International Journal of Computer Applications |
Foundation of Computer Science (FCS), NY, USA |
Volume 186 - Number 2 |
Year of Publication: 2024 |
Authors: Yehia Helmy, Merna Ashraf, Laila Abdelhamid |
10.5120/ijca2024923346 |
Yehia Helmy, Merna Ashraf, Laila Abdelhamid . Assessing the Effectiveness of Various Text Classification Algorithms in Customer Complaint Classification: An Informative Resource for Data Scientists and Data Analysts. International Journal of Computer Applications. 186, 2 ( Jan 2024), 8-16. DOI=10.5120/ijca2024923346
Due to the numerous issues or challenges that aren't always within the company's control. Customers became unhappy. Customer complaint is the method by which they convey their dissatisfaction. Due to the rapid advancement of technology and the various convenient channels available for customers to voice their complaints, including email, web, and chatbots, online complaints have experienced exponential growth. As a result, classifying these complaints under the pertinent issue in time became a difficult task. Selecting the appropriate classification model and Fitting it with the proper training and testing ratios is a crucial topic that always faces researchers. This paper implements and compares the performance of six text classification machine learning algorithms used in multi-classification (SVM, KNN, NB, DT, RF, and GB) under two types of sampling (random and stratified) with the use of various data splitting ratios 50:50,80:20, 60:40, 70:30, and 90:10 on a Complaint Dataset.
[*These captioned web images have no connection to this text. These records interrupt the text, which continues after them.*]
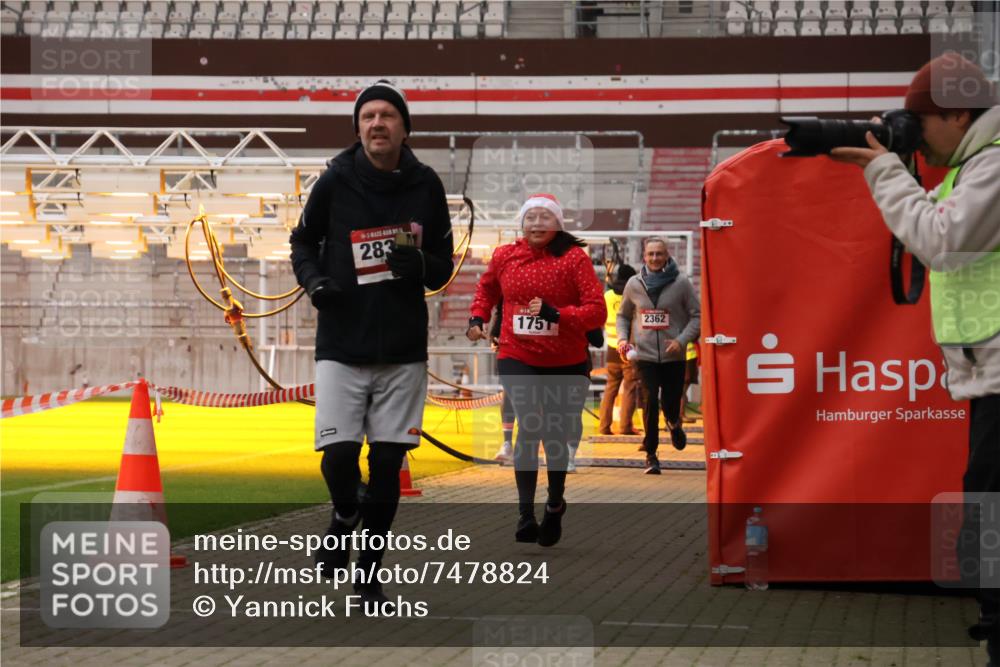 08.12.2024 - St. Pauli X-Mass-Run No. 14 Yannick Fuchs http://msf.ph/oto/7478824 08.12.2024 10:01:51 Ziel 41, 86, 1246, 1751, 2302, 2361, 2362, 2817, 2818, 2826, 2833, 3093, 3254, 3340, 3341 meine-sportfotos.de
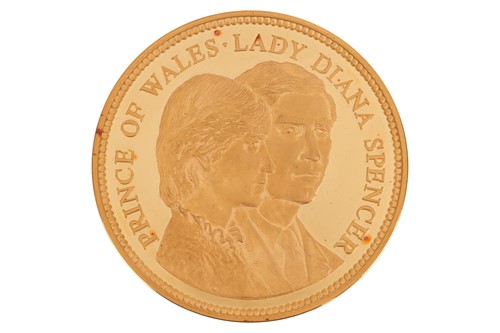 Lot 272 - A Royal wedding commemorative proof medallion...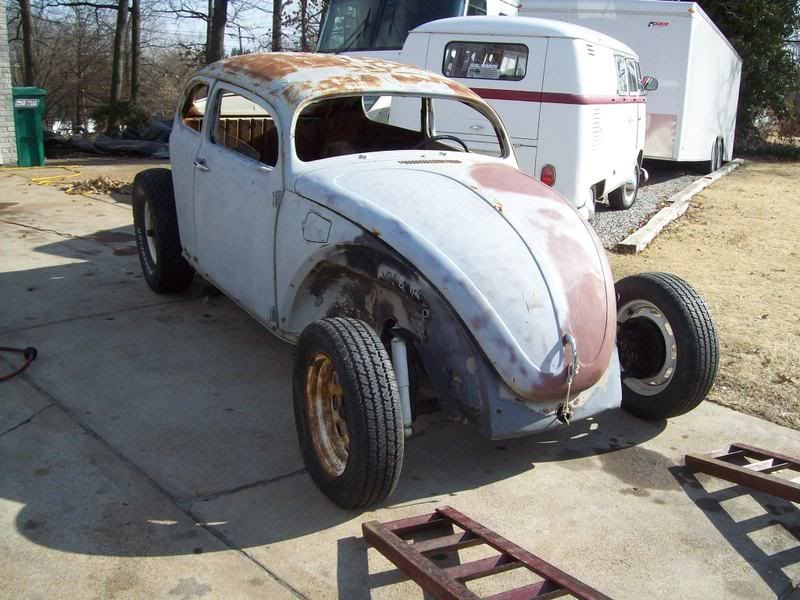 I do not have a key but the wheel is not locked if your into rat rods then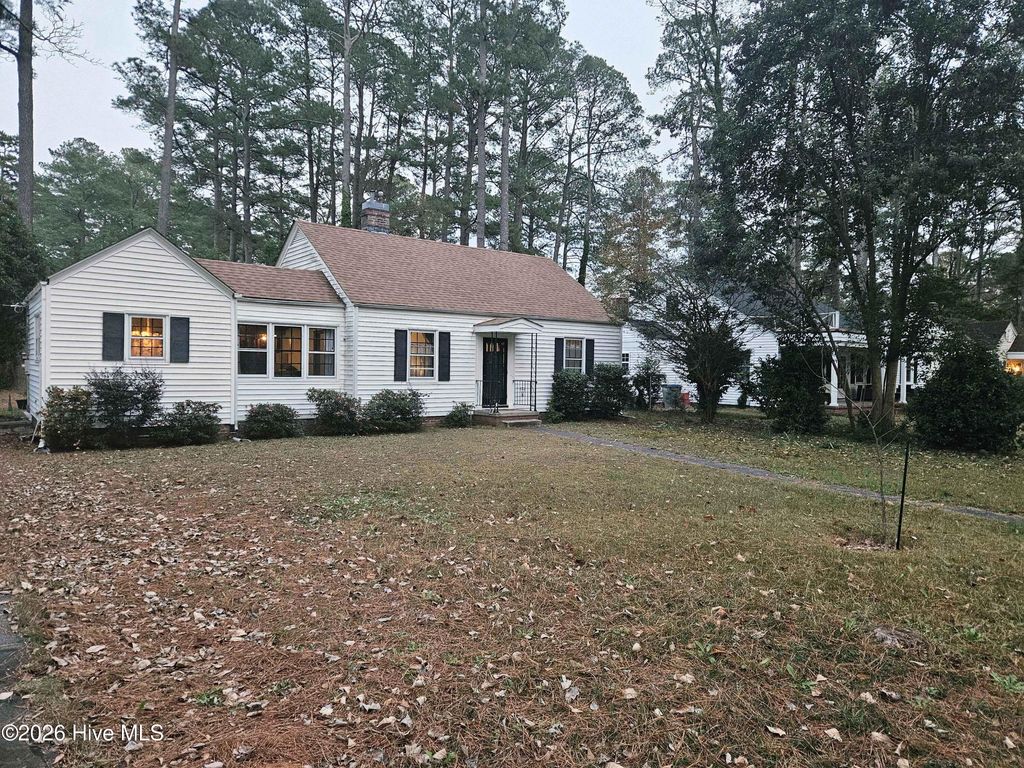 Photo of 609 Piedmont Avenue, Rocky Mount, NC 27803 (MLS # 100543877)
This paper aims to provide a roadmap for researchers working in the text classification field that helps them select the optimum classification model and splitting ratio. The results demonstrate that DT with an accuracy of 99%, F1-measure of 99%, and runtime of 1 second outperformed all other algorithms. And that the most suitable splitting ratio that fits most algorithms and acts as a secure base to work with is 80:20. It also indicates that using stratified sampling in multi-class text classification produces better results than random sampling.